ADG was founded in 1980 with a mission to provide the highest quality veterinary dermatological care to pet owners everywhere. The company has since grown into the largest U.S. group of veterinary dermatology specialists engaged in the diagnosis and treatment of acute and chronic skin conditions in companion animals, with more than 40 primary and satellite sites in the United States and the United States. foreigner. ADG also operates the largest American College of Veterinary Dermatology (ACVD) qualified dermatology residency training program in the United States, supporting the development of future dermatologists through comprehensive training and research. The company expects to build on its momentum and significant growth over the next several years, as the growing demand for high-quality veterinary dermatology services increases along with favorable industry winds, including increasing demand. number of pet owners.

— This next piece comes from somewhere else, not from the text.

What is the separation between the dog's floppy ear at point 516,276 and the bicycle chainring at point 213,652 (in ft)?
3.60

Chris collins, co-founder and CEO of Percheron, commented: “We are delighted to partner with ADG to continue to develop the largest veterinary dermatology group in the country. There is a significant demand among pet owners for specialized skin care and ADG has built a network of the industry’s leading dermatologists to meet this need. We look forward to supporting ADG’s talented team as they continue to grow, innovate and provide the highest quality pet care across the country.

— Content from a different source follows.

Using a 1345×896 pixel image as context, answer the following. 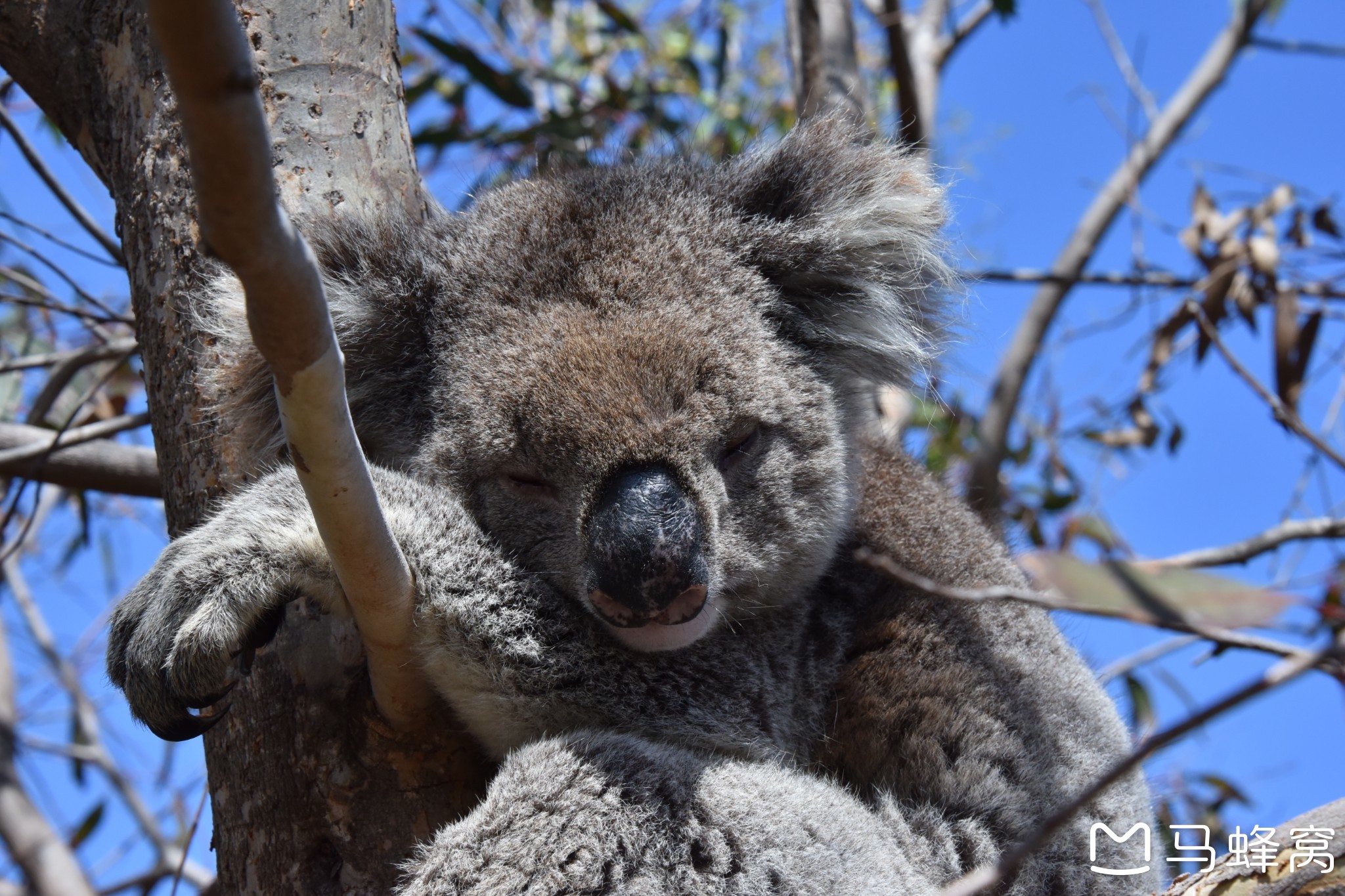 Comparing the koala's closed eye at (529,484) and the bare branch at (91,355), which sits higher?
the bare branch at (91,355)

Dr. Craig griffin, ADG Co-Founder, said, “We founded ADG with a mission to make cutting-edge veterinary dermatology available to pet owners everywhere. We believe that we are at a natural inflection point in our history of growth, and this partnership with Percheron Capital allows us to take ADG to the next level and bring our innovative services to new and existing markets in order to support and caring for more pets and pet owners. ”

Dr. Wayne Rosenkrantz, co-founder of ADG, added, “We are incredibly proud of our team of physicians and ADG support staff for their commitment to medical excellence, innovation and expansion that make us a leader in veterinary dermatology. – markets in demand, such as the North East through our recent acquisition of ADAS, we are delighted to have a leading partner in Percheron Capital who shares our vision for growth and our commitment to excellent service.

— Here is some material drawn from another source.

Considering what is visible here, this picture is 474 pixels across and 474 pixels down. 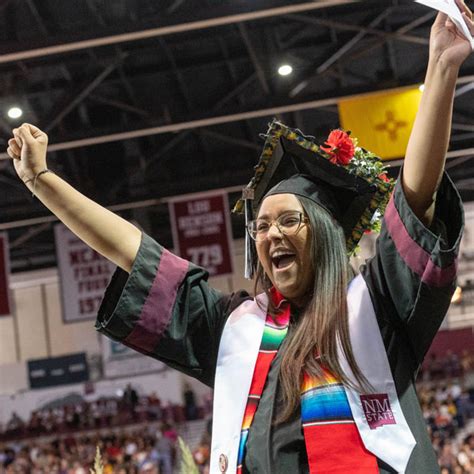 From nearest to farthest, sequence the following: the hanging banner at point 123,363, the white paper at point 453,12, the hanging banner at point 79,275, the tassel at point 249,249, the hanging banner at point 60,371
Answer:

Steven mrha, Chairman and CEO of ADG, said: “As we envision the next chapter in ADG’s evolution, we can’t think of a better partner than Percheron Capital. Their support and resources will allow us to continue to invest in our best physicians, support staff and cutting edge residency program, and accelerate our expansion organically and through acquisitions. “

About Percheron Capital
Percheron Capital is a private equity firm focused on partnering with exceptional teams to build market-leading service companies. The firm’s goal is to help high-quality companies accelerate their growth and increase their long-term value. Percheron manages more $ 850 million committed capital and focuses on investing in strong service companies in resilient end markets including animal health, automotive, education, food and beverage, health and wellness and the residential. For more information, please visit www.percheroncapital.com.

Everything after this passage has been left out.